Borrett feels that, on many levels, there are parallels between health care and cyber security. ‘Similarly,’ he says, ‘there is a tremendous amount of knowledge about cyber security... about past attacks. We know a lot about (criminal) organisations, and about the type of malware they use. We know a lot about their mode of behaviour and how they operate.

All this is well documented by experts, by the industry, by government, and by academics. There’s a wealth of knowledge.’ And again, like the medical world, this library of critical information is so vast, and grows so quickly, it’s impossible for one person to consume it, to retain it and use it.

‘As an analyst responding to an incident in my organisation, when I see indicators, I start forming my own theory about how serious it is. Now I can turn to Watson and say: ‘I see these indicators, have you seen it before, what do you think? Has this effected another organisation too?’ The bad guys, he says, do re-use code, exploits and attack vectors. What often prevents the good guys from surviving a re-used attack is that they just don’t know about how their counterparts reacted and how they solved the problem.

How to feed Watson

The quality of Watson’s cyber advice is, of course, dictated by the quality and the trustworthiness of the information that is provided to it. IBM works hard to ensure that it provides the system with qualified, reliable information. Firstly, Watson is fed with unstructured information: natural language, written information from human-approved sources.

Wise to the fact that not all information is equal, IBM limits what Watson can ingest to certified government repositories, academic and respected industry sources. This process is managed carefully by humans.

Secondly, Watson draws information from data from IBM X-Force Exchange - a real time threat intelligence database and sharing platform. It aggregates and broadcasts information about threats and actions.

‘IBM X-Force Exchange holds around 800 terabytes of threat intelligence data,’ Borrett says. ‘It’s information that we have gathered over the last 20 years and it’s being continually updated. For example, as WannaCry emerged during the summer, our threat intelligence - work done by our analysts and work done with other organisations - was being updated constantly.’

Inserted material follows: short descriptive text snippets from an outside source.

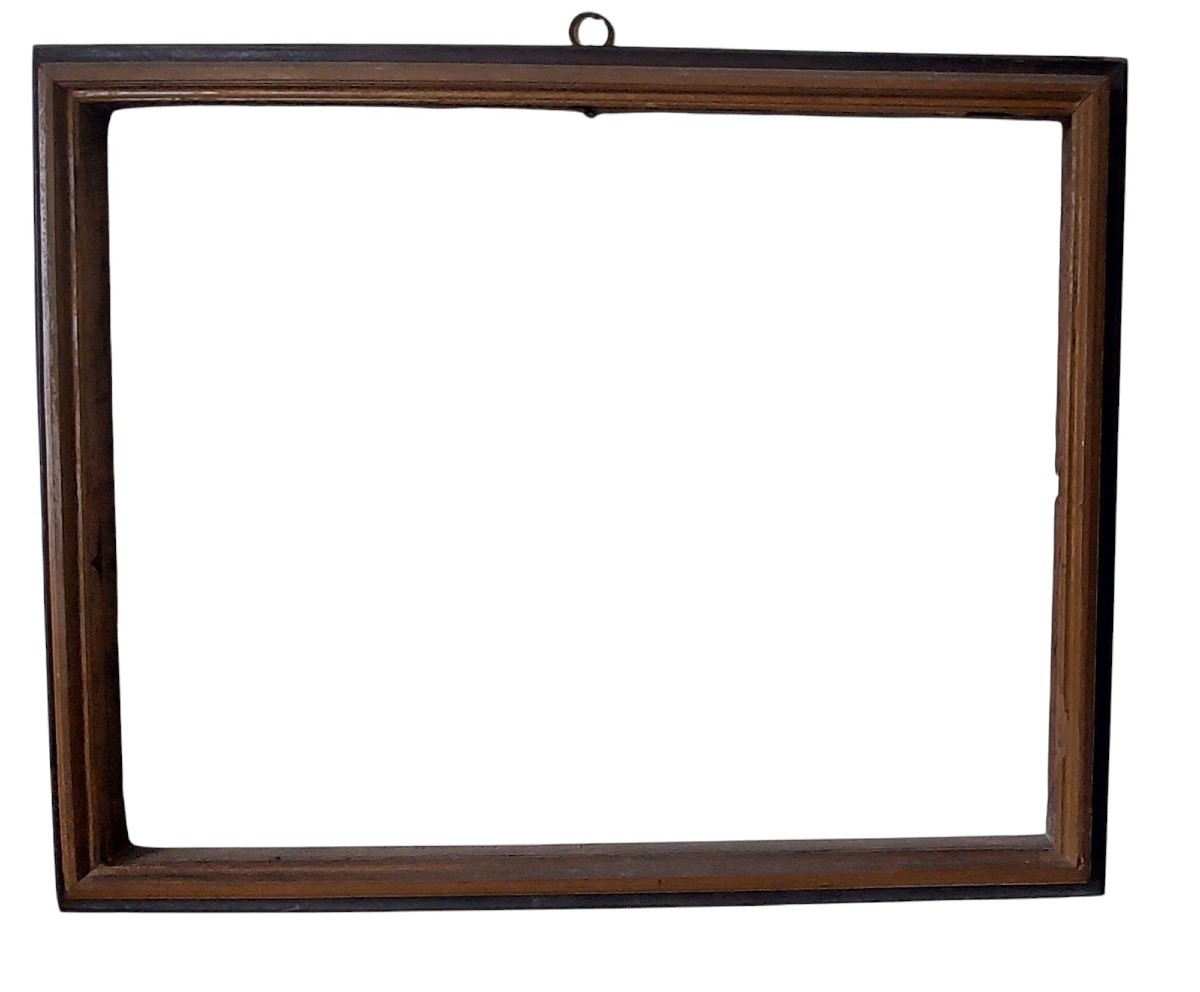 Large Wood And Lacquer Frame, 17th Century Italian Manufacture-photo-2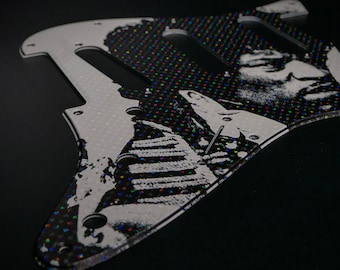 Fender ST-stijl slagplaat • Jimi Hendrix #3 • Aangepaste slagplaat • Grafisch • Stormgitaar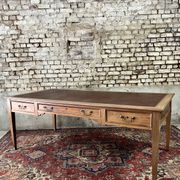 Flat desk double faces of minister mahogany style Louis XVI XIX th century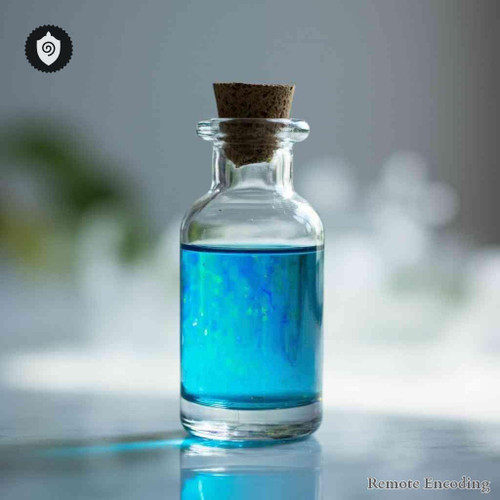 Kefir quantum transmission element for remote imprint and distance energy relay in energetic charge modulation.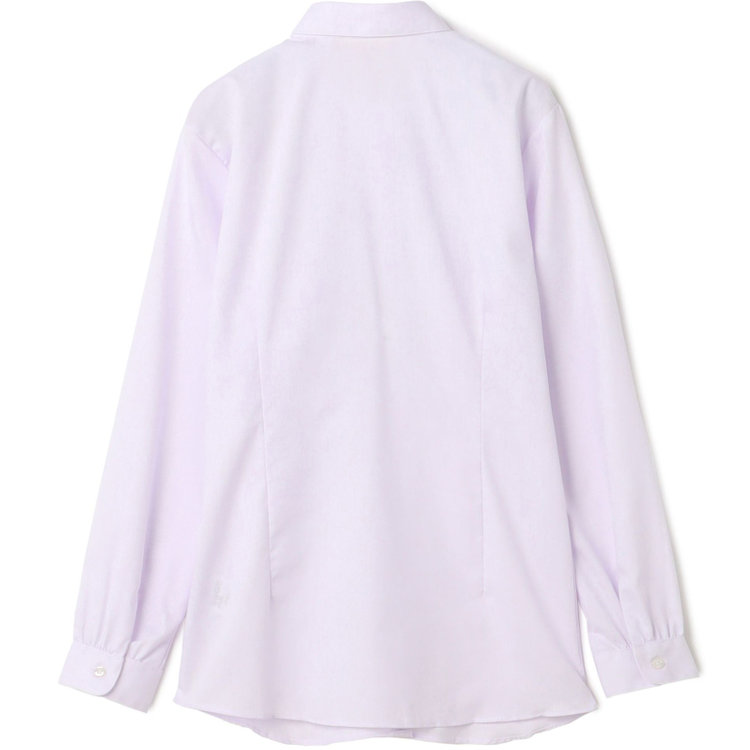 ナチュラル　ビューティー 【NATURAL BEAUTY】ギャザー＆フリル取り外しブラウス/パープル×ドビーツイル 紫淡色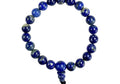 Lapis Lazuli Round Bead Bracelet 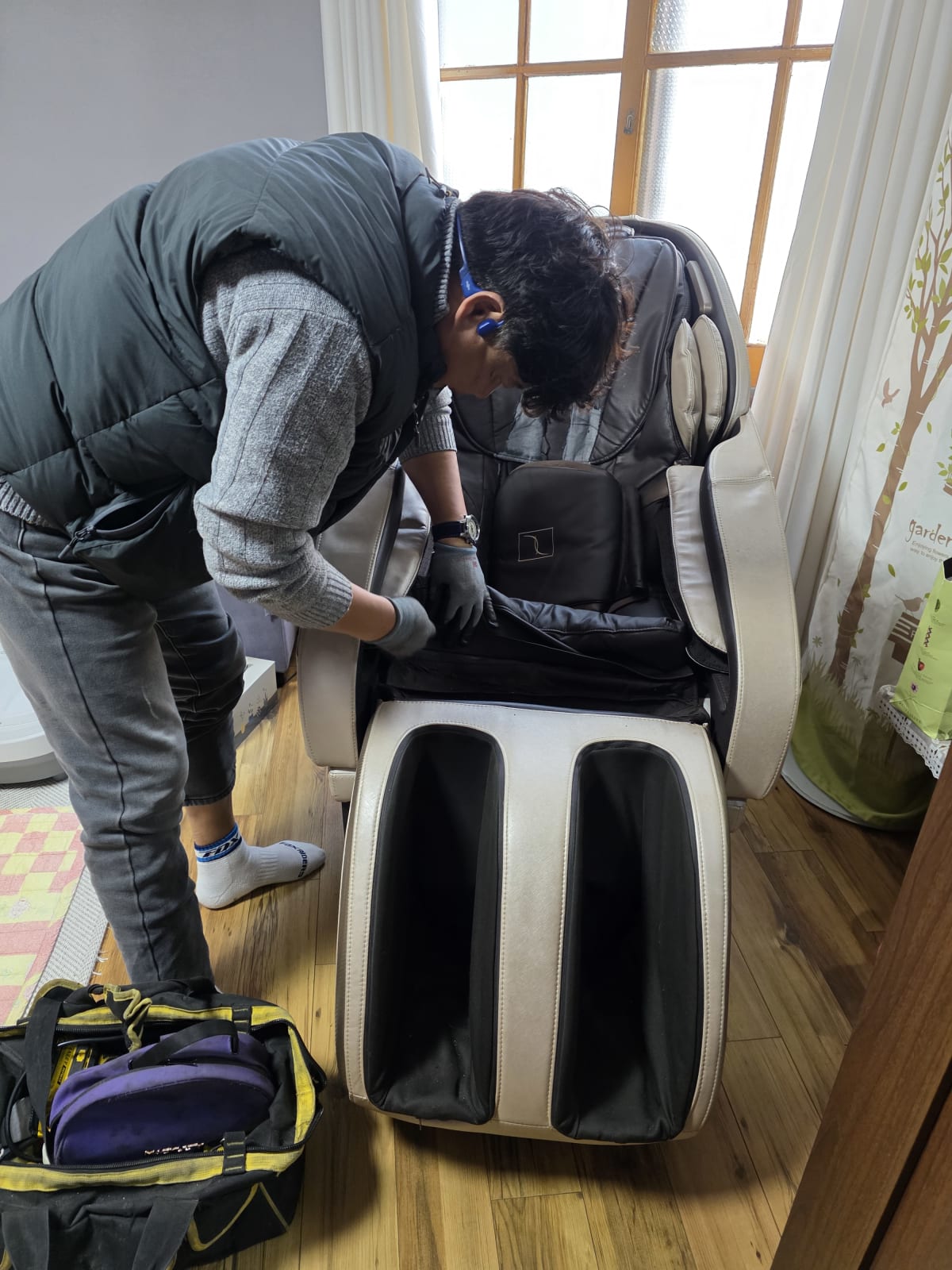 화성시 일반주택 안마의자 분해작업_에코프렌즈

As Watson ingests the information, it joins the dots, makes relationships, sees patterns and generates a knowledge graph. These graphs can have billions of nodes. This means, to a degree, that one bad apple won’t ruin Watson’s barrel of knowledge. ‘It can learn,’ Borrett says, ‘which bits of information are most valuable. Not all information is used frequently.’

But what about zero-day attacks: threats that are completely new and previously unseen? ‘There are always new things emerging... but, we can learn rapidly about them and we can share what we’ve learned,’ Borrett says. ‘This is where collaboration is so critical. Because of the way we opened up IBM X-Force Exchange to collaboration, we see people around the world - not just consuming information but sharing that information. And, through that process, we all learn faster.’

When it comes to zero-day attacks then, the answer seems to be: don’t try and predict the future, try and solve the problems in the present. ‘We need to close the window for that type of attack more quickly.’

Borrett is, however, keen not to oversell Watson as a cyber security silver bullet. Cognitive computing is a journey, he says, and it’s one we’re just beginning. ‘There is something tangible here though,’ he concludes. ‘With our early adopters, investigation times have gone down from 60 minutes to a minute. It’ll get faster and it’ll learn more... but it only works in the context of a bigger immune system.’

Whatever Watson’s future in cyber, we’ll still need a set of evolving, multifaceted and carefully orchestrated cyber defences.

Are the bad guys using AI?

It’s a common narrative: cyber security is an arms race. So, should we worry about the bad guys using AI too? Martin Borrett says it’s highly likely. ‘What we see’, he says, ‘is that the bad guys are collaborating - across the dark web they’re sharing tools and techniques.

And it would be naive to think that they’re not exploring machine learning, that they don’t have access to data scientists and they’re not exploring these boundaries. We’d be naive to think that they’re not exploring AI in some shape or form; it’s inevitable.